Selon les premières informations recueillies, l’incident a eu lieu pendant les heures de cours, alors que la classe était pleine. À la suite de l’explosion du dispositif lacrymogène, plusieurs élèves ont été pris de suffocation, de crises respiratoires, de nausées et de pertes de connaissance.
Bilan provisoire alarmant :
• Plusieurs élèves hospitalisés
• Une dizaine d’élèves ont été admis aux Cliniques universitaires de Kinshasa
• Deux élèves sont actuellement dans le coma, selon une source médicale
• D’autres victimes ont été prises en charge dans des établissements comme Monkole et d’autres centres hospitaliers, certains dans un état critique
Des ambulances ont été dépêchées rapidement sur place et les services de santé ont travaillé toute la journée à évacuer les élèves atteints.

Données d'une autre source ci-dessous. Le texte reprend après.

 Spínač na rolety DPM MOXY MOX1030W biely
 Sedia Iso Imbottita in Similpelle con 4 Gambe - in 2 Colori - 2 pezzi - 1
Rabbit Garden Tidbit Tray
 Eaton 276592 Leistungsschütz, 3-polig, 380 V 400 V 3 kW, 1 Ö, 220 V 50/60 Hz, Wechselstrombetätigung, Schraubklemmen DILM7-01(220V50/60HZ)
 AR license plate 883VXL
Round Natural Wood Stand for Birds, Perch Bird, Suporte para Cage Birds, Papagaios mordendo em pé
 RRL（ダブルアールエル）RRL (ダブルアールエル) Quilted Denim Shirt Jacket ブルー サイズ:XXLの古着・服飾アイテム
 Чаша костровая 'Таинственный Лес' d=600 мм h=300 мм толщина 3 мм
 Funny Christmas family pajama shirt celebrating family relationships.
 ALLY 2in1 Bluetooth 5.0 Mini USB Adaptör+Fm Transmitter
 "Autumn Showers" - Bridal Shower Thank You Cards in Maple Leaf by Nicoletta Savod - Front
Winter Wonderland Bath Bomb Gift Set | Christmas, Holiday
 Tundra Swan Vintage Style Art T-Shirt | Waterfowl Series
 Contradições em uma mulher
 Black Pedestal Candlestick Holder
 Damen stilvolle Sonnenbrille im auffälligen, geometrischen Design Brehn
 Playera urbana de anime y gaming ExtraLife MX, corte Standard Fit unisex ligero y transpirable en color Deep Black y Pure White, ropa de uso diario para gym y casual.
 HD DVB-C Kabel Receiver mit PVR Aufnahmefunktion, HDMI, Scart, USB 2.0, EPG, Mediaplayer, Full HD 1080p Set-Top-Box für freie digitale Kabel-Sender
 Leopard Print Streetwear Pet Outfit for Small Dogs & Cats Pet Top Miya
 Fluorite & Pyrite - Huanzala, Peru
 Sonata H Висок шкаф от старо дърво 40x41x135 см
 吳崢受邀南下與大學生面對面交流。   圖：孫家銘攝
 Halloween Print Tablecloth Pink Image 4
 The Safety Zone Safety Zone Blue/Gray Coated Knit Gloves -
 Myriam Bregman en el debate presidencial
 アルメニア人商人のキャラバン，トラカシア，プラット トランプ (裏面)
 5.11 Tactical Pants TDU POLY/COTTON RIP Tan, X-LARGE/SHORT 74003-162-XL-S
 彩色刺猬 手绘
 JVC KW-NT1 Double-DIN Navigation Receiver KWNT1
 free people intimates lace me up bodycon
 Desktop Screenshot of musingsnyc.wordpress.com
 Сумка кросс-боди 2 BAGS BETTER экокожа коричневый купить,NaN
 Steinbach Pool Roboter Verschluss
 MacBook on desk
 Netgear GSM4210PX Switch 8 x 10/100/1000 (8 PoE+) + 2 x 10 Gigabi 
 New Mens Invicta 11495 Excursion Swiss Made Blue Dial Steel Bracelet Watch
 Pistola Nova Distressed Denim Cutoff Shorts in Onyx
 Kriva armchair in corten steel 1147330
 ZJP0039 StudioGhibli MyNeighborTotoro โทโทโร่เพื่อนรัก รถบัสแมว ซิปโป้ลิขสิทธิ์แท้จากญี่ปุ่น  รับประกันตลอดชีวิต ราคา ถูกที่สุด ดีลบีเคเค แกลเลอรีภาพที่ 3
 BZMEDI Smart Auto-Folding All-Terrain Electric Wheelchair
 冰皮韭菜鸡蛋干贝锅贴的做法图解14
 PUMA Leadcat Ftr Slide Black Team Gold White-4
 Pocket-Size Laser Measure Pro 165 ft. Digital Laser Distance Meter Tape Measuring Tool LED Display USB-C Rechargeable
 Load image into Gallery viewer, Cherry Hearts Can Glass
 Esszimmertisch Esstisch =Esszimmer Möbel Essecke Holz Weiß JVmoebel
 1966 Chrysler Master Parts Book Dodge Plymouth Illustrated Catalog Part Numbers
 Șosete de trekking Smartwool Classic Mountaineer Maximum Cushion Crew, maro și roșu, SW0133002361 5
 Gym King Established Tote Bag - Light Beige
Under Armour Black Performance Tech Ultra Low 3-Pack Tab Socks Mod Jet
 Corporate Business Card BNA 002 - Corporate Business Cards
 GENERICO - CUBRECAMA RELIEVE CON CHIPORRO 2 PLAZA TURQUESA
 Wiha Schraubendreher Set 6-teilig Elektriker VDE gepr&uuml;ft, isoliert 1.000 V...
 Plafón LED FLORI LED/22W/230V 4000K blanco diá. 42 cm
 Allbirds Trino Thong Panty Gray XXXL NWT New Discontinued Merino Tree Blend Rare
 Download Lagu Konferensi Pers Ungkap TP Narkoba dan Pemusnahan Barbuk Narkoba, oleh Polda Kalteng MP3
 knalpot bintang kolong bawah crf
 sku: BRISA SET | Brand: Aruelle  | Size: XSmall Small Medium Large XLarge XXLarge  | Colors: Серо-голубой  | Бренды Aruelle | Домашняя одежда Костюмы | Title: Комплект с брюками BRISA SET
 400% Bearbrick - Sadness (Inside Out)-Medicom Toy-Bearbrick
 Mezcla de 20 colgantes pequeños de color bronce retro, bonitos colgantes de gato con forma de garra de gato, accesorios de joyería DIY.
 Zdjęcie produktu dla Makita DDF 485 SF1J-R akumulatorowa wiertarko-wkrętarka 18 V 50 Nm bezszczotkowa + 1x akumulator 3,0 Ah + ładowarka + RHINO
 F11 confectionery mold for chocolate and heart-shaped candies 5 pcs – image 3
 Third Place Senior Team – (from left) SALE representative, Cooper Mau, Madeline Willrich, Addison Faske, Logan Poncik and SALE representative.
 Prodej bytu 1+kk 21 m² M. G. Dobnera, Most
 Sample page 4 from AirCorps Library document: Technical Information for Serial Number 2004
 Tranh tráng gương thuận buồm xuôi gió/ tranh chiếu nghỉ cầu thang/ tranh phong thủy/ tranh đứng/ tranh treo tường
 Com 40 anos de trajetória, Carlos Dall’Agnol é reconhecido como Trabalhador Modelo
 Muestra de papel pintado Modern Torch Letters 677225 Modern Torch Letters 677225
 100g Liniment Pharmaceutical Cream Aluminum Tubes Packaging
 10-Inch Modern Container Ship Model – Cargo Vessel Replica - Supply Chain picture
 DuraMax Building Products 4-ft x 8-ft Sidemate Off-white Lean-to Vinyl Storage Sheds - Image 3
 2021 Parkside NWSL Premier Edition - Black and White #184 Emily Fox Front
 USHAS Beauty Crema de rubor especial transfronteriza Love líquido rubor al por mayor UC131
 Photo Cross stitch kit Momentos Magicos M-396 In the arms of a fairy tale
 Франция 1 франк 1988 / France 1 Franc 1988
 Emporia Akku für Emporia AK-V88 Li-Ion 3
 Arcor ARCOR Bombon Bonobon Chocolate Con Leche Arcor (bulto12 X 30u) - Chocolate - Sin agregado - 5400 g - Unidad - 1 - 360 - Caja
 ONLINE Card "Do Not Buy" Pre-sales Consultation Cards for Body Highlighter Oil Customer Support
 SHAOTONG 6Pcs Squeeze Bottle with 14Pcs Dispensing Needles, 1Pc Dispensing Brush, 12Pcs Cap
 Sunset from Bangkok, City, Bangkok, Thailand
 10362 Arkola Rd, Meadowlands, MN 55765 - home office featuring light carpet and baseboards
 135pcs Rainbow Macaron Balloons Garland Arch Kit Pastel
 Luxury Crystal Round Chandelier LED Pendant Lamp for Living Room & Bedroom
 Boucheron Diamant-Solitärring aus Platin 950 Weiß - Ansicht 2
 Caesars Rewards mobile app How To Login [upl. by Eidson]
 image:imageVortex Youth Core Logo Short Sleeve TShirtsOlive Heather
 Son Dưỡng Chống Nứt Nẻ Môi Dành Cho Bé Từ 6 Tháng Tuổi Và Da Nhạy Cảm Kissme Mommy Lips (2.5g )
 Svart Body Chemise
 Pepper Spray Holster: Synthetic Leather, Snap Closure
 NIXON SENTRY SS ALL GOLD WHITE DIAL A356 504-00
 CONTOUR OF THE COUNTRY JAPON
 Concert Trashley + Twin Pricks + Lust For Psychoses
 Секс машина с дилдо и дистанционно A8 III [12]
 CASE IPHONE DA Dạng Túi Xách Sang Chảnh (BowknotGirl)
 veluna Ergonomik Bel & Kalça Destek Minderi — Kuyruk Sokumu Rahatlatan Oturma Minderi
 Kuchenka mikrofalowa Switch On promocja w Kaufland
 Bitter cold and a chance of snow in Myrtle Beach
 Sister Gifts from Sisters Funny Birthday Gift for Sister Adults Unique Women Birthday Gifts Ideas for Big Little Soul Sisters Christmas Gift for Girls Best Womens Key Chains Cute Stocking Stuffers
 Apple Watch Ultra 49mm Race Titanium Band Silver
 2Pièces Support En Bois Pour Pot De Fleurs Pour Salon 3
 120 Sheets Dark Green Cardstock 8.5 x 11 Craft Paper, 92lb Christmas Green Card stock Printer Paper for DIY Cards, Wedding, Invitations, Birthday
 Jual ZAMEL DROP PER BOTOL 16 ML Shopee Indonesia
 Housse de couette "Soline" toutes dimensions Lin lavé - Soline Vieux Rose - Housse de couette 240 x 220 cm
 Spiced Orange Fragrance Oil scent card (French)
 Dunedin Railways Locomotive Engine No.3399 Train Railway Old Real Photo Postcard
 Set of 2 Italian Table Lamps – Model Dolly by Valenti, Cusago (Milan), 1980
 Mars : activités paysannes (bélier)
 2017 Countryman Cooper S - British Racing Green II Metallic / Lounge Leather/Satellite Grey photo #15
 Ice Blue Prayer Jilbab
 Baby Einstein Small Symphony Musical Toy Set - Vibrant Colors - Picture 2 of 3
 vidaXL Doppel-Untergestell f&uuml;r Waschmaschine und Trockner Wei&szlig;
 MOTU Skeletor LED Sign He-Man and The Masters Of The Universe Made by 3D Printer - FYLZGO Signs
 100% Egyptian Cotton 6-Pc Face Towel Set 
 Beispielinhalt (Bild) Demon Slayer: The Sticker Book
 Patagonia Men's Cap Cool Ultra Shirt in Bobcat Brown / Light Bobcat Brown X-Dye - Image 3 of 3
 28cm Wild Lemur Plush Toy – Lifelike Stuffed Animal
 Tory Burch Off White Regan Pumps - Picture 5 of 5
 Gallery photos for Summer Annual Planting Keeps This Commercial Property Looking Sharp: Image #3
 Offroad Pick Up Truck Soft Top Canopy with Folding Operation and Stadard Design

L’élève à l’origine de l’incident a été immédiatement arrêté par les autorités présentes. Il s’agit, selon les premières informations, du fils d’un policier. Il a été transféré ce soir devant le Tribunal pour enfant, où il devra répondre de ses actes.
L’enquête est toujours en cours pour déterminer comment un engin de type militaire a pu être introduit dans un établissement scolaire. La provenance de la grenade lacrymogène, sa détention illégale, et les circonstances précises de l’acte font l’objet d’investigations approfondies.

Le Collège Saint Sabrina, établissement réputé de Mont-Ngafula, est sous le choc. Des parents affolés se sont rendus sur les lieux dès l’annonce de l’incident. Le ministère de l’Éducation nationale a été saisi et pourrait ordonner la suspension des cours dans l’établissement en attendant des mesures de sécurité renforcées.
Cet événement relance le débat sur la sécurité dans les écoles, l’accès aux armes par des civils, et la responsabilité des familles de membres des forces de l’ordre dans la gestion des équipements sensibles. Plusieurs ONG et acteurs de la société civile ont déjà exprimé leur indignation, appelant les autorités à prendre des mesures exemplaires.
L’équipe de rédaction continue de suivre de près ce dossier. Des mises à jour seront publiées au fur et à mesure de l’évolution de l’enquête et de l’état de santé des victimes.